== Segment start ==
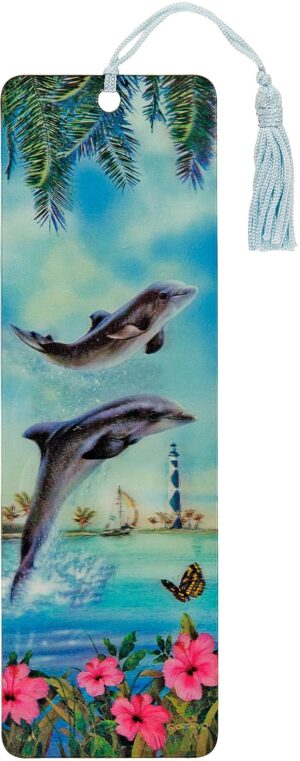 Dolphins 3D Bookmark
== Segment end ==
== Segment start ==
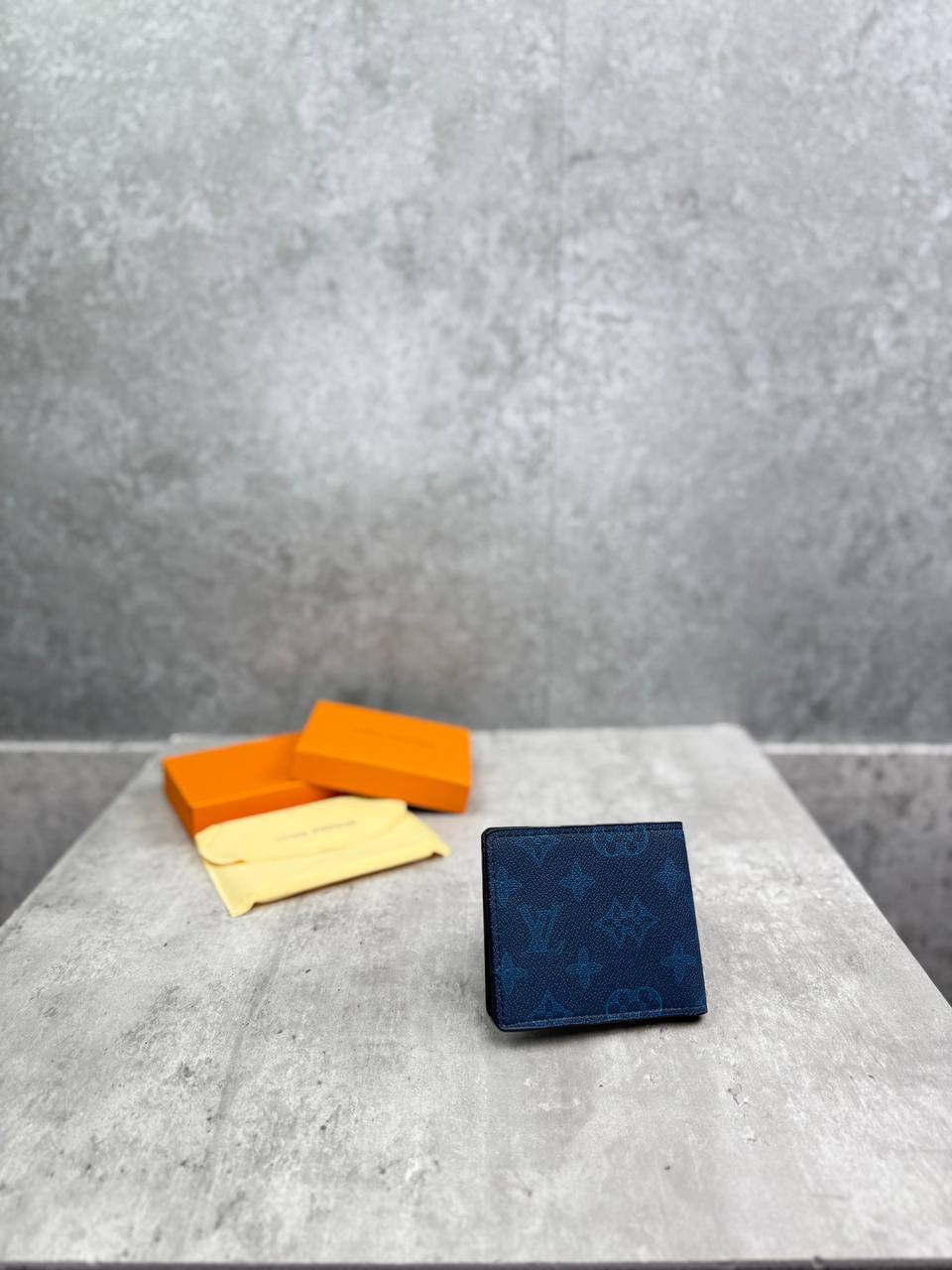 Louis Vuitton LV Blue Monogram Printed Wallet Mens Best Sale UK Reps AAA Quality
== Segment end ==
== Segment start ==
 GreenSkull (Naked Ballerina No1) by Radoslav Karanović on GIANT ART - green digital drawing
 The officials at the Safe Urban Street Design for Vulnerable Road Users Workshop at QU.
== Segment end ==
**What to work on**
Give back, exactly as written, the stretch from the line with "GreenSkull (Naked Ballerina" through the line with "The officials at", and no other lines from the records above.

**Solved problem**
 GreenSkull (Naked Ballerina No1) by Radoslav Karanović on GIANT ART - green digital drawing
 The officials at the Safe Urban Street Design for Vulnerable Road Users Workshop at QU.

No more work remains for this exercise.